(Beginning of Dataset records)
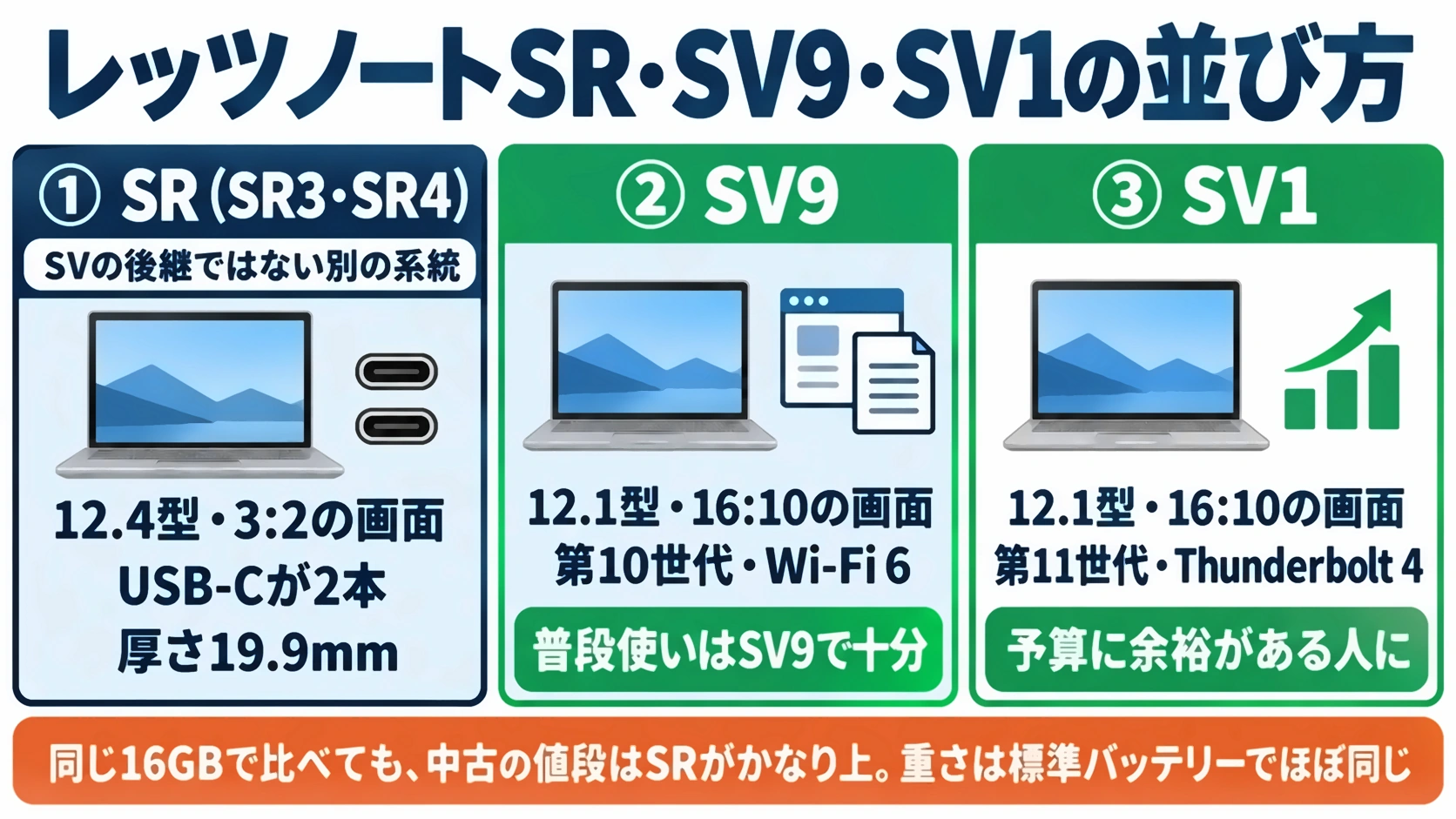 レッツノートSR・SV9・SV1の並び方。SRはSVの後継ではない別の系統で、12.4型・3:2の画面でUSB-Cが2本、厚さ19.9mm。SV9は12.1型・16:10で第10世代・Wi-Fi 6、普段使いはSV9で十分。SV1は12.1型・16:10で第11世代・Thunderbolt 4、予算に余裕がある人に。同じ16GBでも中古の値段はSRがかなり上で、重さは標準バッテリーでほぼ同じ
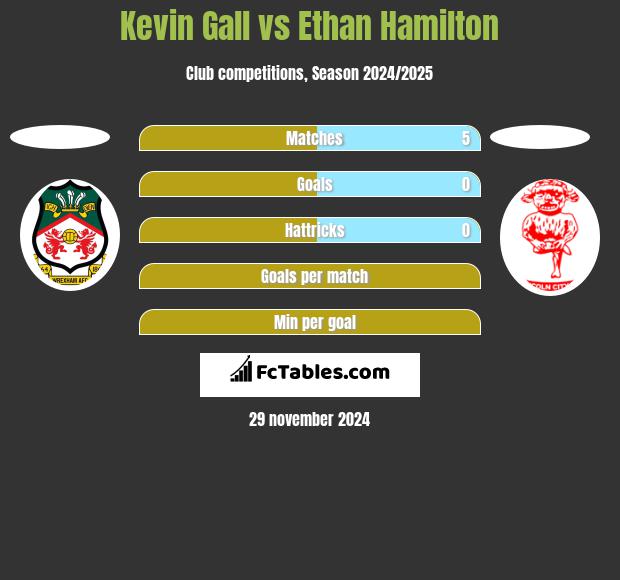 Kevin Gall vs Ethan Hamilton h2h player stats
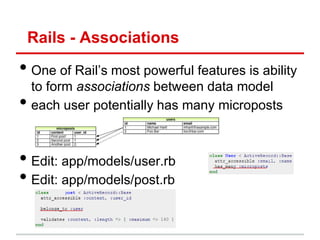 Rails - Associations

• One of Rail’s most powerful features is ability
    to form associations between data model
•   each user potentially has many microposts



• Edit: app/models/user.rb
• Edit: app/models/post.rb
 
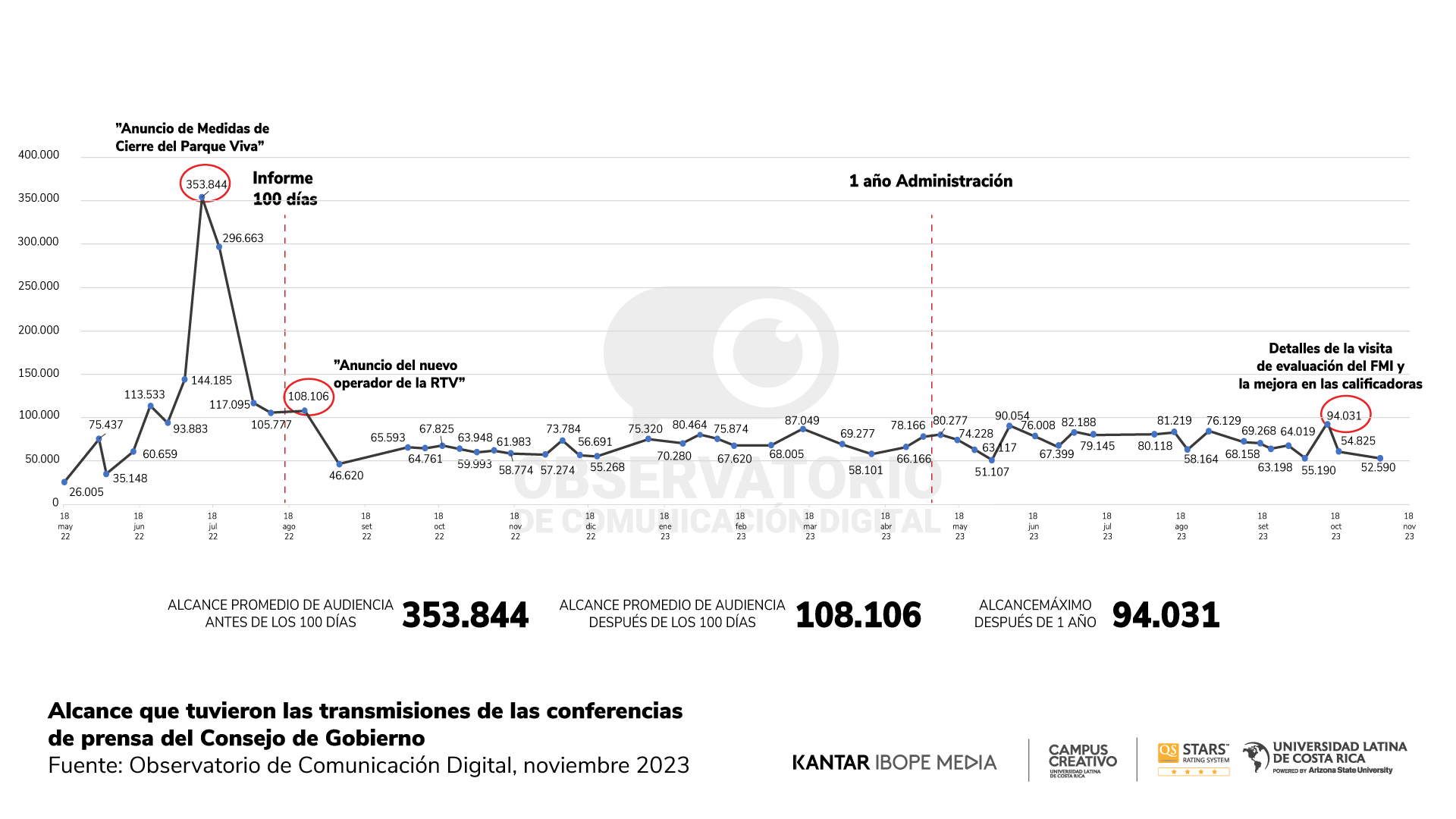 Reporte 21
(End of Dataset records)
(Required action): Set down exactly, with no additions, each line from the line that includes "to form associations between data model" to the final line of the entries above; leave pictures out.

(Output below):
    to form associations between data model
•   each user potentially has many microposts



• Edit: app/models/user.rb
• Edit: app/models/post.rb
 
 Reporte 21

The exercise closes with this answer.